All of the data, except its images, should be set down exactly as it appears.

= DATA EXTRACT =
/---
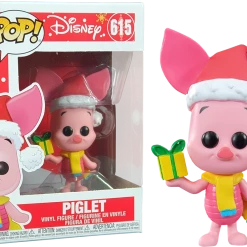 Funko Disney - Piglet (Holiday) Pop! Vinyl Figure Funko Items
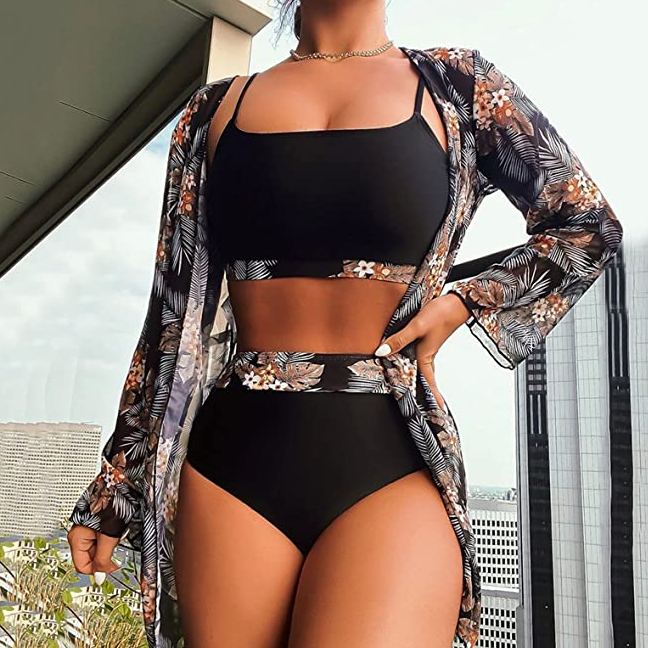 Valenzora | 3er Set Sommer-Bikinis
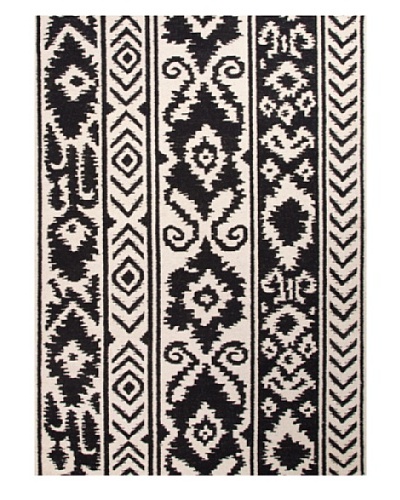 Jaipur Rugs Flat-Weave Tribal Wool Rug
\---
= WORKED SOLUTION =
 Funko Disney - Piglet (Holiday) Pop! Vinyl Figure Funko Items
 Valenzora | 3er Set Sommer-Bikinis
 Jaipur Rugs Flat-Weave Tribal Wool Rug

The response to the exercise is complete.